Open Datasets Yes On Image Net, GSPN-2 achieves accuracy comparable to transformer models at significantly lower computational cost. In text-to-image synthesis, GSPN-2 significantly improves semantic consistency and visual quality when integrated with existing diffusion models. ... We evaluate GSPN-2 s text-to-image generation on the COCO benchmark. ... Semantic segmentation via linear probe evaluation on ADE20K [64] and Pascal VOC [65]. ... Segmentation and depth estimation on NYUDv2 [68] and Pascal Context [69]. ... trained the model on a 1M subsample of the Data Comp-1B dataset
Dataset Splits Yes In Table 2, we present a comparative analysis of Image Net-1K classification performance across three architectural paradigms: Conv Net-based [29, 30], Transformer-based [31, 33, 36, 35, 46, 49], and sequential-based (RS scan) models [25, 26, 37, 27, 40, 38, 39] of varying sizes. ... We compare GSPN-2 with several relevant baselines and its predecessor, GSPN-1, on the COCO benchmark, with all models generating images at a 1024 x 1024 resolution.
Hardware Specification Yes on an NVIDIA A100 GPU, runtime for a representative 1024x1024x8 input drops from over 71.4 ms in GSPN-1 down to just 1.8 ms in GSPN-2, achieving a 40x speedup (as shown in Figure 3). ... NVIDIA Nsight Compute profiling indicates that GSPN-2 achieves memory throughput near the theoretical limit, with global-memory efficiency reaching 93% on A100 GPUs. ... We use 32 nodes with 8x A100-80GB GPUs each.

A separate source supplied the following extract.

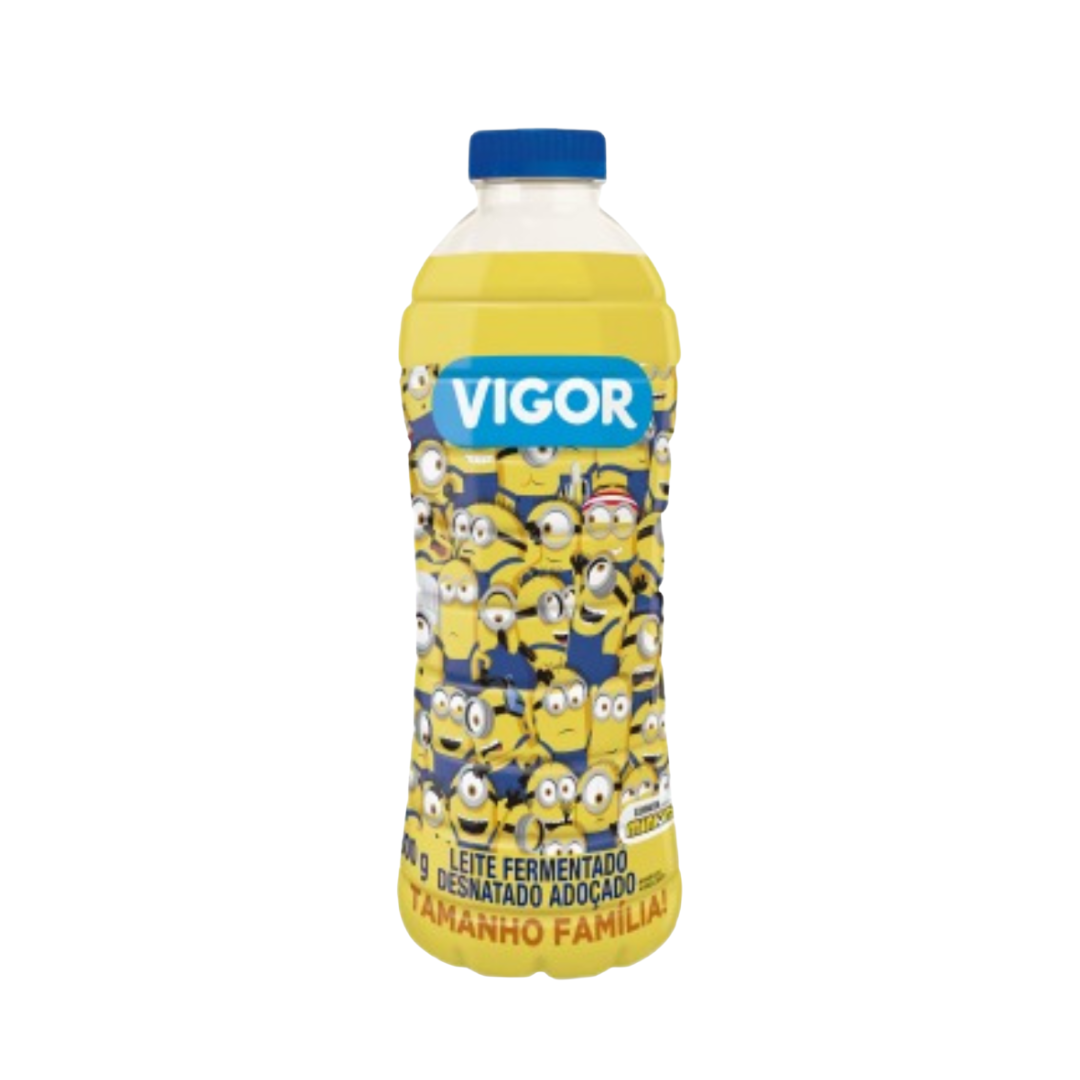Vigor leite fermentado desnatado adoçado 900ml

Software Dependencies No The paper discusses 'CUDA implementation' and mentions 'MMSegmentation [66]' as a tool used, but does not provide specific version numbers for these software components, nor for any other key libraries or programming languages.
Experiment Setup Yes For GSPN-2 models, the Image Net experiments incorporate several key design choices: propagation weights wi are shared across channels in all GSPN modules, and a compressive proxy dimension Cproxy is set to 2. This reduction in channel dimensionality allows the saved parameters to be reallocated for deeper or wider network architectures. Additionally, we integrate the Local Perception Unit (LPU) [52] at the beginning of each block and FFN. The MESA [53] technique is also employed to mitigate overfitting, contributing a further 0.2% accuracy improvement to some variants. ... We train for 100K iterations using the LAMB optimizer [63], a base learning rate of 1e-3, a weight decay of 0.01, and a cosine learning rate decay. ... trained the model on a 1M subsample of the Data Comp-1B dataset with batch size 8096 and 12k iterations and evaluated performance on Image Net Zero-shot.